[Work to complete] Exactly as they appear, set down all of the records.

===== Source data =====

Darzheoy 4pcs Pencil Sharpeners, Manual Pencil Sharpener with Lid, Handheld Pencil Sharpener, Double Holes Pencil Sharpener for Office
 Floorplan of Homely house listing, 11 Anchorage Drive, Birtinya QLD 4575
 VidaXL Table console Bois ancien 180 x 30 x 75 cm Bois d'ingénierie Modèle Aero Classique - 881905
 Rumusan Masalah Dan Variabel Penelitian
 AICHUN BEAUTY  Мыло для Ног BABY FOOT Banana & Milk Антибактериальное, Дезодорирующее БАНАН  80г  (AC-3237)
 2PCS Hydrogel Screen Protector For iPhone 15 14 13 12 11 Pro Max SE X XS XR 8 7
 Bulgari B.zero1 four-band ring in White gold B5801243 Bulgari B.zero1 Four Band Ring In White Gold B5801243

=====

[Answer space]
Darzheoy 4pcs Pencil Sharpeners, Manual Pencil Sharpener with Lid, Handheld Pencil Sharpener, Double Holes Pencil Sharpener for Office
 Floorplan of Homely house listing, 11 Anchorage Drive, Birtinya QLD 4575
 VidaXL Table console Bois ancien 180 x 30 x 75 cm Bois d'ingénierie Modèle Aero Classique - 881905
 Rumusan Masalah Dan Variabel Penelitian
 AICHUN BEAUTY  Мыло для Ног BABY FOOT Banana & Milk Антибактериальное, Дезодорирующее БАНАН  80г  (AC-3237)
 2PCS Hydrogel Screen Protector For iPhone 15 14 13 12 11 Pro Max SE X XS XR 8 7
 Bulgari B.zero1 four-band ring in White gold B5801243 Bulgari B.zero1 Four Band Ring In White Gold B5801243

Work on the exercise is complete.